Abstract | November 8, 2021

A Triple HIT Dilemma: Balancing Pulmonary Emboli, Hemorrhagic Shock, and HIT Syndrome

Presenting Author: Magnus Chun, B.S., Medical Student, 3rd Year, Department of Medicine, Tulane University School of Medicine, New Orleans, Louisiana, New Orleans, LA

Coauthors: Magnus Chun BS, Internal Medicine, MS3, Tulane University School of Medicine, New Orleans, LA; Brennan Lanier MD, MPH, Internal Medicine, PGY2, Tulane University School of Medicine, New Orleans, LA; Matthew Houle MD, Internal Medicine, PGY1, Tulane University School of Medicine, New Orleans, LA; Peter Caldwell, MD, Internal Medicine, Hospitalist, Tulane University School of Medicine, New Orleans, LA

Learning Objectives

  1. Review treatment options for HIT. 
  2. Understand argatroban dose-adjustments for critically ill patients. 

Introduction: Heparin Induced Thrombocytopenia (HIT) is a dangerous immunologically mediated drug reaction to unfractionated heparin.

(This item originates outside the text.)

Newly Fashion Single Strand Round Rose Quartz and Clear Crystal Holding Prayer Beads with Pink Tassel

It is important to personalize management for these patients especially if they have a comorbid condition, including recently resolved bleed and obesity. 

Case Presentation: A 67-year-old man with morbid obesity (BMI 43) and recent prostatectomy was admitted 2 weeks for bilateral pulmonary emboli (PE). He was discharged on an enoxaparin bridge to warfarin therapy, then re-admitted for hemorrhagic shock due to a retroperitoneal hematoma. Anticoagulation was held until his hemoglobin stabilized. He was then started on heparin. 

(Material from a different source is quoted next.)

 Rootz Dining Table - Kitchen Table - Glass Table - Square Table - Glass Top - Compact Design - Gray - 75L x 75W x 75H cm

The day after starting heparin therapy, his max temperature was 99.9°F, blood pressure 122/72 mmHg, respiratory rate 18 breaths/minute, and 96% O2 saturation on 2L nasal cannula. He had right flank bruising and legs symmetrical with 1+ edema to knees. We ordered a CBC, CMP, coagulation studies, hepatitis panel, and CT abdomen. 

Over the next 24 hours, the patient’s platelets decreased from 111 to 70 and his hemoglobin was 8.0. His HIT score was 5 and his platelet serotonin-release assay was positive. Differential diagnoses for thrombocytopenia are HIT, disseminated intravascular coagulation, and medication-induced. 

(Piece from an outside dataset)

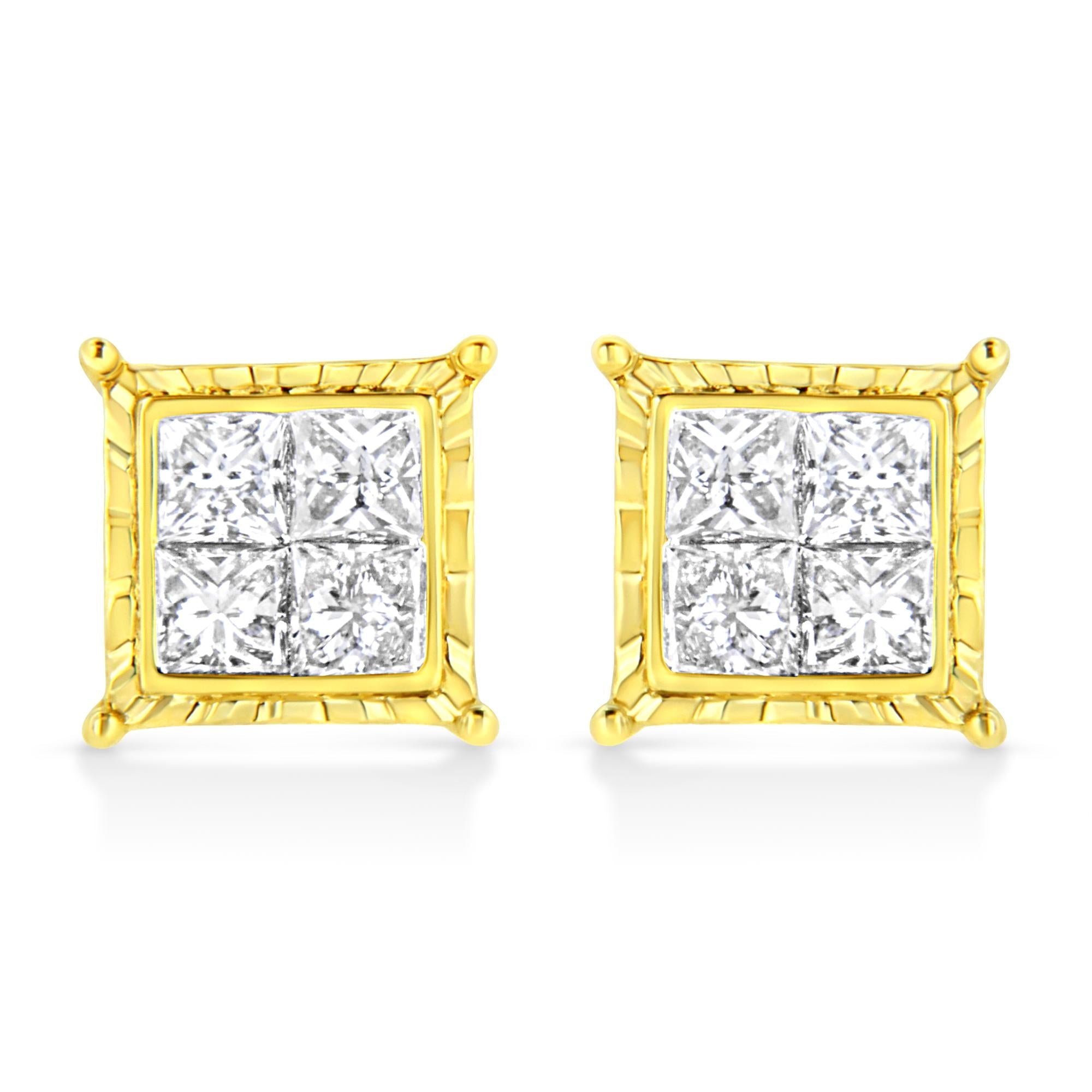 Aretes de oro blanco de 14 quilates con diamantes solitarios de talla redonda brillante, cultivados en laboratorio, de 1/2 quilates, engastados en 4 puntas (color EF, claridad VVS2-VS1) - Friggin Jewelry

Final Diagnosis: Heparin-Induced Thrombocytopenia. 

Management: Heparin drip was discontinued, and an alternative anticoagulant for his HIT and PEs was sought. Due to the patient’s BMI of 43 and lack of data in this population, a direct oral anticoagulant (DOAC) could not be used. We chose to use a low-dose argatroban therapy (typically for critically ill). Although our patient was no longer critically ill, this strategy balanced the need to anticoagulate with the risk of further hemorrhage and allowed for rapid reversal if needed. His platelet counts are improving and his hemoglobin remains stable. The treatment plan for this patient is to transition from argatroban to fondaparinux for three months continued outpatient anticoagulation for provoked PE’s.